Fortunately for Walker and his troops, the Eighth Army code breakers had intercepted and decoded NKPA radio traffic describing some features but not all of the offensive. Believing the strongest NKPA effort would once more come in the southwest sector, Walker had time to redeploy to meet that threat.
He pulled Michaelis's Wolfhounds and Paul Freeman's 23d Regiment out of the Bowling Alley and sent them to the southwest sector: the Wolfhounds back home to Bill Kean's 25th Division at Masan; the 23d back home to Dutch Keiser's 2nd Division, which had displaced Church's reorganizing 24th Division in the Naktong Bulge area immediately north of the 25th. In addition, Walker postponed the transfer of Throckmorton's 5th Regiment, then deployed on the "south road" at Chindong-ni, to the 24th Division, which had moved into reserve near Taegu. Finally, he did his utmost to delay the departure of Eddie Craig's Marines, then near Masan preparing to embark for Inch'ŏn.
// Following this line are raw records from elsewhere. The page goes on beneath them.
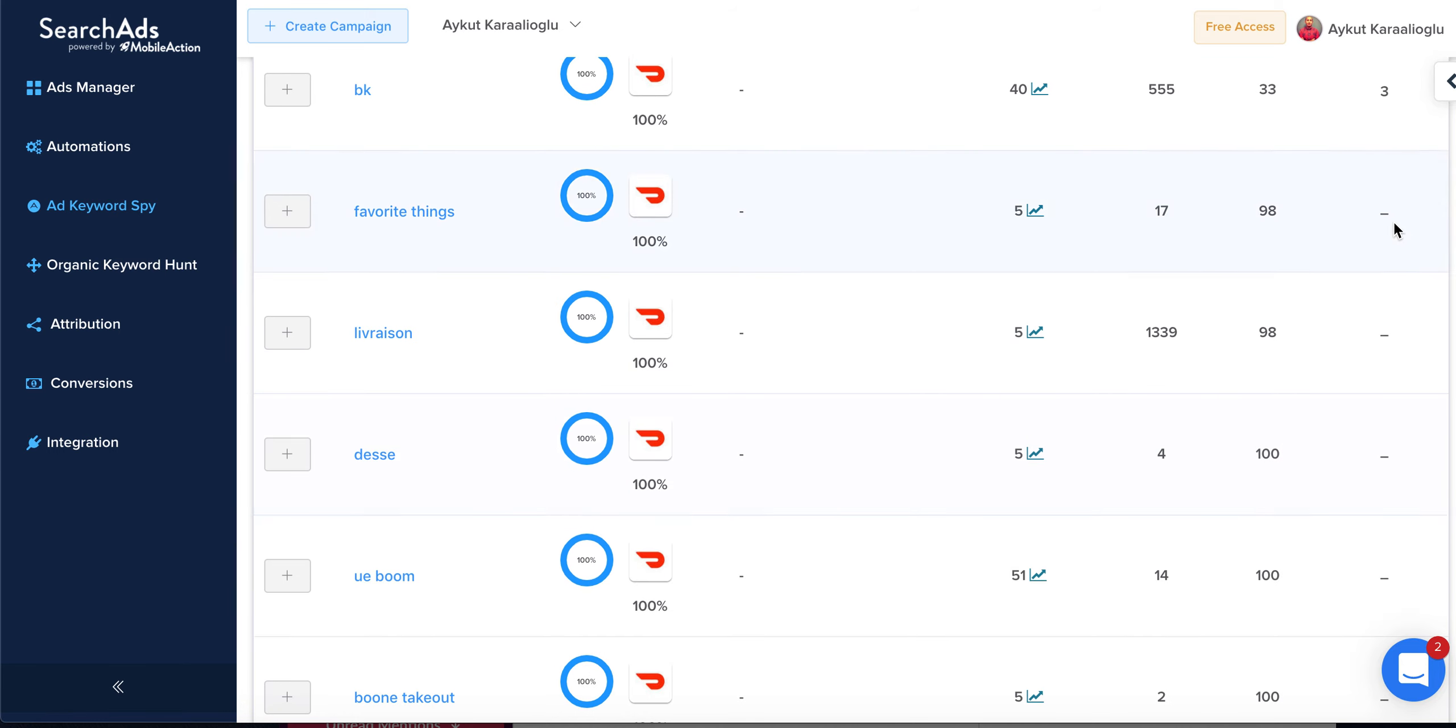You can see the results and the popularity. DoorDash is running ads on a lot of keywords they don't even have organic ranking for. This is a cool feature—you can figure out who's bidding on which keywords, what their organic keywords are, and then take advantage by running ads or optimizing your app listing page. Thank you guys.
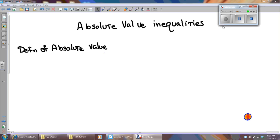Hello, algebra students. Today we are talking about absolute value inequalities. But before we begin, I have to make sure you know what absolute value is. I want you to write this definition down in your notes. Make sure you have your notebook.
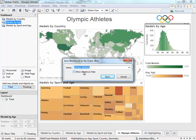The show sheets as tabs option will turn any visible tabs you have in your workbook into navigation tabs at the very top of your visualization once you publish it. If you choose to do this, be sure to hide any sheets you don't want to be visible, which you can do by right-clicking any of the tabs and choosing the option to hide sheet.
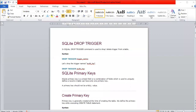Good evening everyone. Welcome to part two of the SQLite series. Triggers are very important event-driven functions. The SQLite DROP TRIGGER command is used to drop or delete triggers from a table. The syntax is: DROP TRIGGER trigger_name — where the specified trigger name will be dropped.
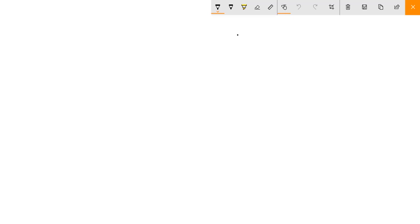Hi everyone. Today we're going to talk about strength and specifically stress — the tensorial nature of stress and how we can represent stress as a second-rank tensor.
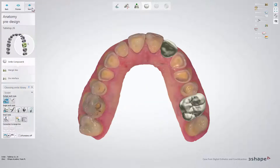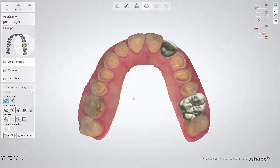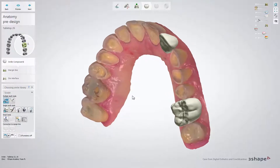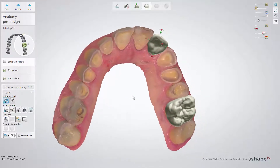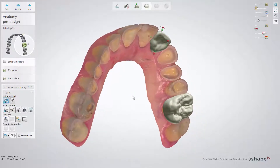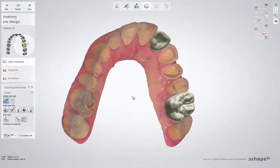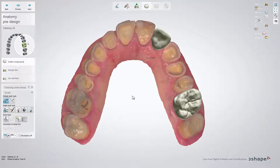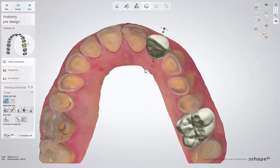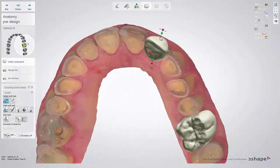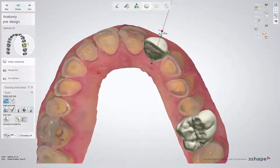Clicking next after setting directions for the last restoration takes you to the anatomy pre-design step. At this step, the Smile Composer automatically places teeth that you need to adjust to the surface you plan to restore to.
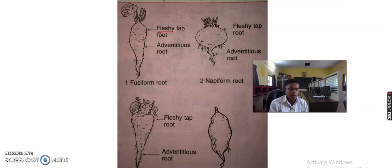Welcome students. Today we study the modification of root. Modification of root means that the roots are changed or specially changed to perform their functions, and so they are modified in their system. It is known as modification of roots.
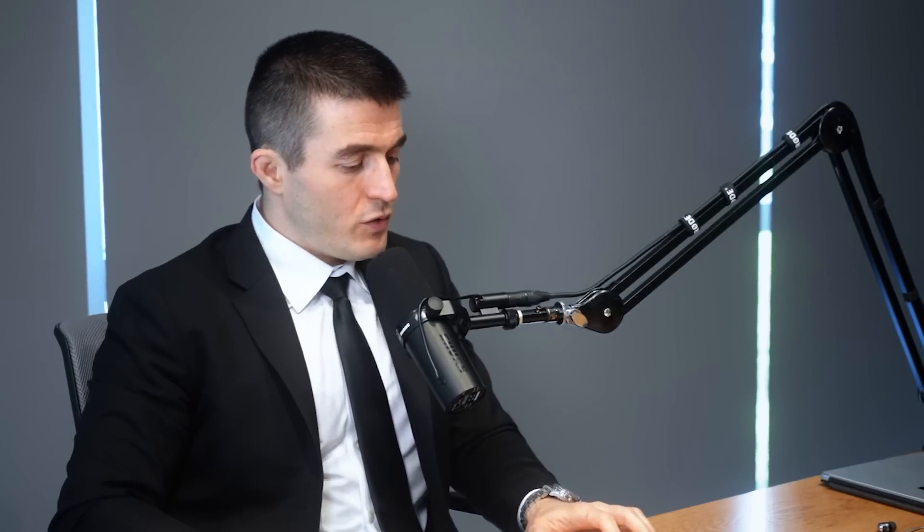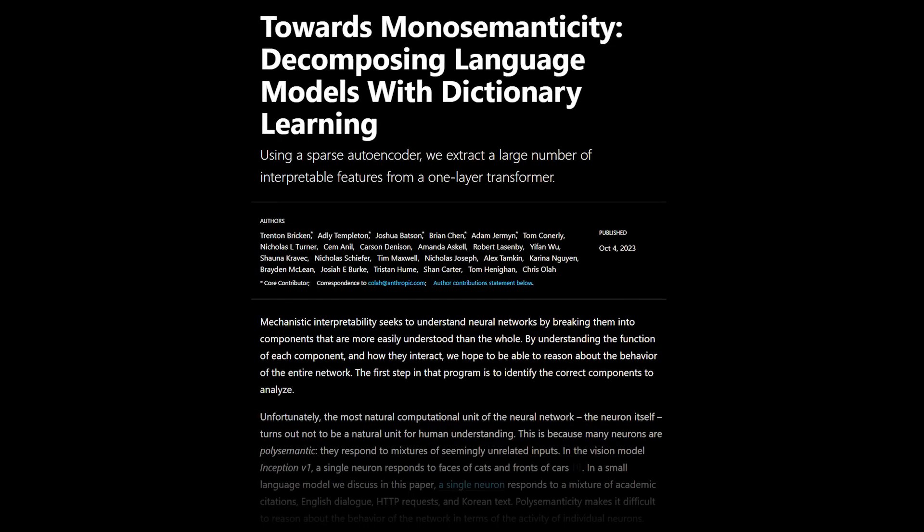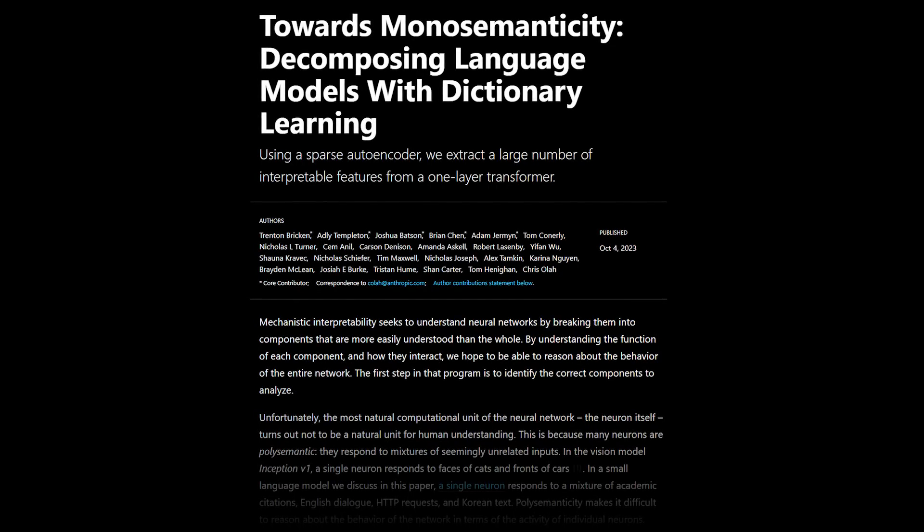The independence is crucial because it's what allows you to avoid thinking about all the exponential combinations of things. Things being monosemantic — only having one meaning — is the key thing that allows you to think about them independently. That's the deepest reason why we want interpretable monosemantic features. And so the goal is: how do we extract monosemantic features from a neural net that has polysemantic features and all this mess?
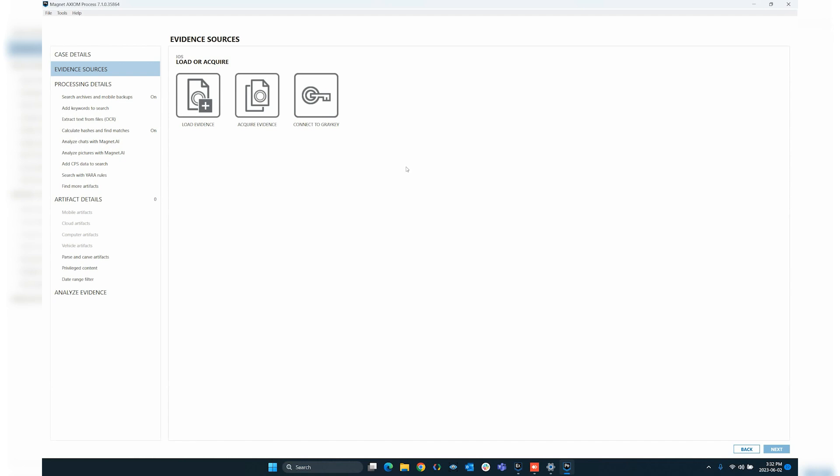Once both of the evidence files that I have selected are downloaded and both are hashed, the next button in the bottom right corner will then give me the ability to move on. So, here we return to our evidence source screen. Now, let's say that you can't use the connect GrayKey functionality. Maybe your Axiom installation and the GrayKey unit aren't on the same board. That's okay. We can still use the load evidence function. So, whether you manually downloaded from the GrayKey, you place the image on a USB drive or hard drive, it doesn't really matter. At this point, we're going to go in and select our load evidence option.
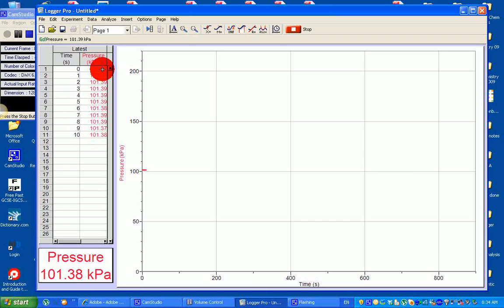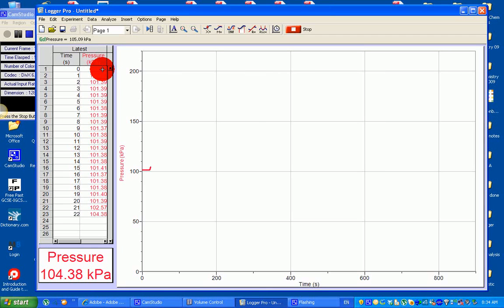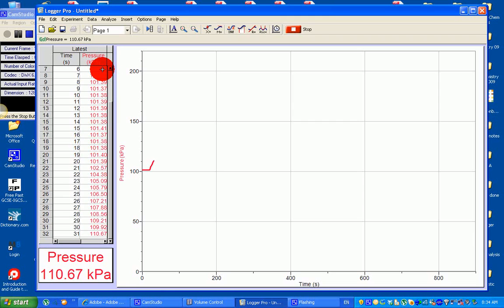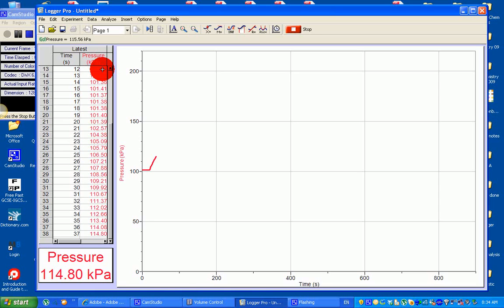Once I add it, I'm going to use the pressure sensor to measure the pressure buildup. Pressure starts to build up — there's a pressure increase now. I'm going to measure the initial rate of reaction, probably using the first 20 seconds. That will represent my initial rate.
These redeployments gave Walker far more strength in the southwest sector than he had enjoyed theretofore. There were, in total, eight infantry regiments, most of which now had three battalions. On the extreme south flank near Masan, Bill Kean's 25th Division controlled four regiments (south to north): Throckmorton's 5th; Champeny's 24th; Michaelis's 27th; and Fisher's 35th. Continuing the line northward into the Naktong Bulge, Dutch Keiser's three 2nd Division regiments were disposed (south to north): John Hill's 9th (less the 3/9); Freeman's 23d (less the 3/23); and the 38th. The Fifth Marines, near Masan, were in position to reinforce either the 25th or the 2nd Division. All eight regiments were powerfully backed by tanks, artillery, and Marine and FEAF close air support.
The weakest sector was the Naktong Bulge, held by John Hill's 9th and Paul Freeman's 23d. Both regiments were shy one battalion. McMains's black 3/9 was still in the northeast sector near Pohang. Freeman's 3/23 had been temporarily attached to the 1st Cav. Moreover, Hill had incurred heavy casualties in his 1/9, and these losses had not yet been fully replaced. As a result of all this, there were only about 3,500 men in the four battalions defending the Naktong Bulge.